Sterling hits 20-month low as parliament’s Brexit vote postponed
The pound traded at 90.7p against the euro as May addressed the House of Commons
Analysts said sterling’s weakness on Monday reflected concerns about Theresa May’s future as prime minister. Photograph: Emmanuel Dunand/AFP/Getty Images
Sterling tumbled to its weakest since April 2017 after prime minister Theresa May pulled a parliamentary vote on her Brexit deal with the European Union, panicking investors about deepening political uncertainty in Britain.
Mrs May said on Monday she was delaying the planned vote as her deal would probably be rejected “by a significant margin”. Colleagues had told Mrs May she faced a rout in the vote, that was set for Tuesday.
The move thrusts the UK’s exit from the European Union into turmoil, with possible options including a disorderly no-deal Brexit, another referendum on EU membership or a last-minute renegotiation of May’s deal with Brussels.
Mrs May said she would do all she could to secure further assurances from the EU on the so-called backstop arrangement, a crucial part of the deal bitterly opposed by many of her fellow Conservatives and opposition parties.
“Uncertainty is the only thing hitting the pound at the moment,” said Kallum Pickering, an economist at Berenberg.
The pound fell 1.6 per cent against the dollar to as low as $1.2507, most of the loss coming after May confirmed she was delaying the vote.
Against the euro, the pound dropped 1.5 per cent to as weak as 90.875 pence, its lowest since August, before recovering some ground in late European trading.
Britain’s exporter-heavy Ftse 100 index, which usually rises when sterling falls, succumbed to widespread selling pressure and fell 0.8 per cent as investors fretted about the consequences of the political chaos for UK companies.
The more domestic Ftse 250 index tumbled 2 per cent.
Perceived safe-haven British government bonds rallied, with 10-year British government bond yields falling 7.5 basis points to 1.19 per cent, the lowest since mid-August.

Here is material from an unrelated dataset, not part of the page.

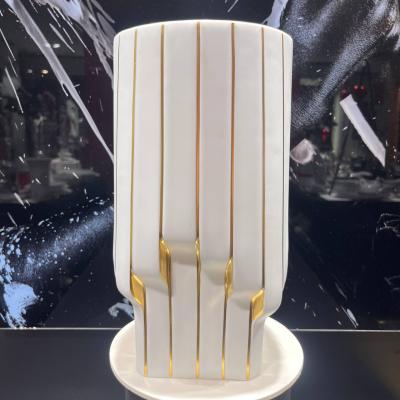 Ваза 30см White-Gold Strip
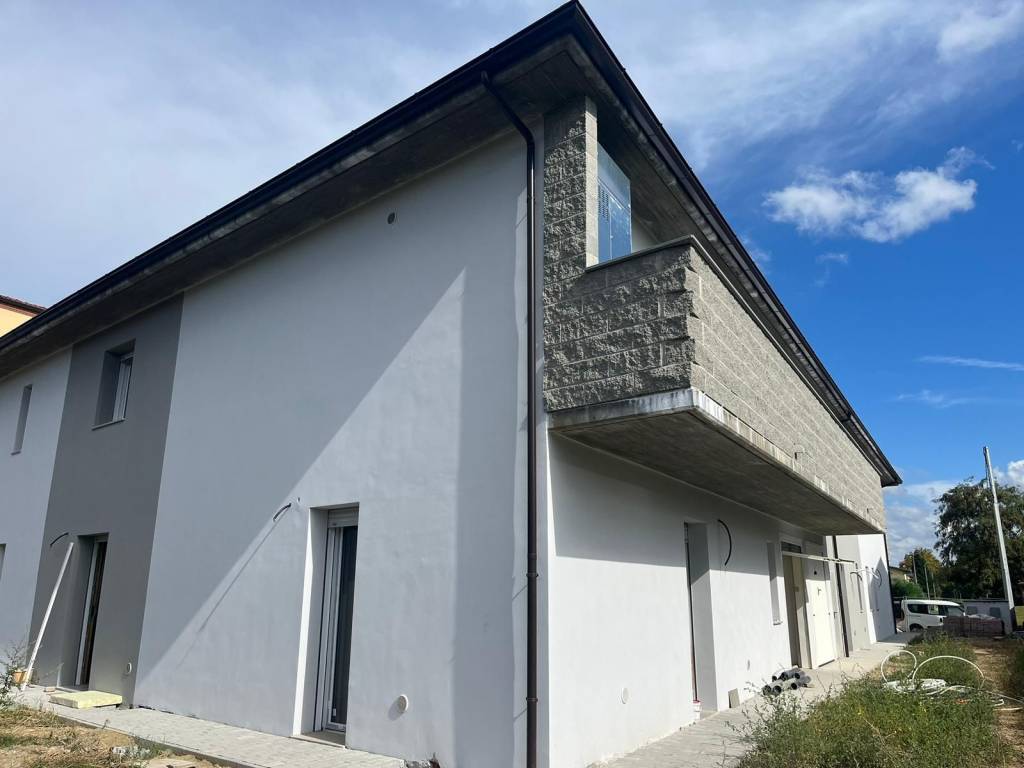 Appartamento a Castelfranco emilia in Via Commenda - Foto 3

While the government considers when to next hold a parliamentary vote, it is stepping up contingency planning for a no-deal Brexit when it is due to leave on March 29th.
The pound has fallen for four consecutive weeks, with traders struggling to comprehend the vote options and consequences of more political instability.
Earlier on Monday, the EU’s top court ruled that Britain could unilaterally reverse its decision to leave, easing concerns about Britain crashing out of the bloc in March without a deal.
But analysts said sterling’s weakness on Monday reflected concerns about Mrs May’s future as prime minister and the worsening uncertainty. Some analysts saw a silver lining in May’s decision to postpone the vote.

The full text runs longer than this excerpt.